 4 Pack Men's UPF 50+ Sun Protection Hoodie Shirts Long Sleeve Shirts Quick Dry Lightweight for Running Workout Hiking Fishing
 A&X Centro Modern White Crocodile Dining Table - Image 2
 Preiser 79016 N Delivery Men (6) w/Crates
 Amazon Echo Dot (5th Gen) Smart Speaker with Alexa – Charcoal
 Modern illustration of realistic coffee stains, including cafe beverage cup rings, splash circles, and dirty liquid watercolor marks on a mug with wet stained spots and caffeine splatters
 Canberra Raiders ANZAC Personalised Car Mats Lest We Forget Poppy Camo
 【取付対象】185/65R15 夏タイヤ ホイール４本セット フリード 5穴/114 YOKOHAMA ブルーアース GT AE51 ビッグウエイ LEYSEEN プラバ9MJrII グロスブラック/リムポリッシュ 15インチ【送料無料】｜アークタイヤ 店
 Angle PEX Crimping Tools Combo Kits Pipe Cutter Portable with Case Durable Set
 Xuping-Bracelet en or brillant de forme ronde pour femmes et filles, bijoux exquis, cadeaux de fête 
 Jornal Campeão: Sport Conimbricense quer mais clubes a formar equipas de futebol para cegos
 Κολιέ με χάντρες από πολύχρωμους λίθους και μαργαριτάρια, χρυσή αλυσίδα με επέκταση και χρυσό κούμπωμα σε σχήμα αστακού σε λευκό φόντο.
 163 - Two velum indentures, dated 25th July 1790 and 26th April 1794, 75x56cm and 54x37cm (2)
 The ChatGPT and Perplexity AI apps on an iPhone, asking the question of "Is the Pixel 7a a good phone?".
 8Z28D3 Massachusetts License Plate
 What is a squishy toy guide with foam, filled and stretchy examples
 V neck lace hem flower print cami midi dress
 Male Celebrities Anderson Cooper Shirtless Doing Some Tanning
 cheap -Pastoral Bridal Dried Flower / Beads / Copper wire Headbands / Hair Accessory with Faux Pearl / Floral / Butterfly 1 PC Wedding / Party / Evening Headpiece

→ **HOW TO COMPLETE THIS TASK**: The answer is the run of lines that starts at the one containing "Modern illustration of" and ends at the last line of the material, reproduced exactly.

→ **ANSWER TO THIS EXERCISE**:
 Modern illustration of realistic coffee stains, including cafe beverage cup rings, splash circles, and dirty liquid watercolor marks on a mug with wet stained spots and caffeine splatters
 Canberra Raiders ANZAC Personalised Car Mats Lest We Forget Poppy Camo
 【取付対象】185/65R15 夏タイヤ ホイール４本セット フリード 5穴/114 YOKOHAMA ブルーアース GT AE51 ビッグウエイ LEYSEEN プラバ9MJrII グロスブラック/リムポリッシュ 15インチ【送料無料】｜アークタイヤ 店
 Angle PEX Crimping Tools Combo Kits Pipe Cutter Portable with Case Durable Set
 Xuping-Bracelet en or brillant de forme ronde pour femmes et filles, bijoux exquis, cadeaux de fête 
 Jornal Campeão: Sport Conimbricense quer mais clubes a formar equipas de futebol para cegos
 Κολιέ με χάντρες από πολύχρωμους λίθους και μαργαριτάρια, χρυσή αλυσίδα με επέκταση και χρυσό κούμπωμα σε σχήμα αστακού σε λευκό φόντο.
 163 - Two velum indentures, dated 25th July 1790 and 26th April 1794, 75x56cm and 54x37cm (2)
 The ChatGPT and Perplexity AI apps on an iPhone, asking the question of "Is the Pixel 7a a good phone?".
 8Z28D3 Massachusetts License Plate
 What is a squishy toy guide with foam, filled and stretchy examples
 V neck lace hem flower print cami midi dress
 Male Celebrities Anderson Cooper Shirtless Doing Some Tanning
 cheap -Pastoral Bridal Dried Flower / Beads / Copper wire Headbands / Hair Accessory with Faux Pearl / Floral / Butterfly 1 PC Wedding / Party / Evening Headpiece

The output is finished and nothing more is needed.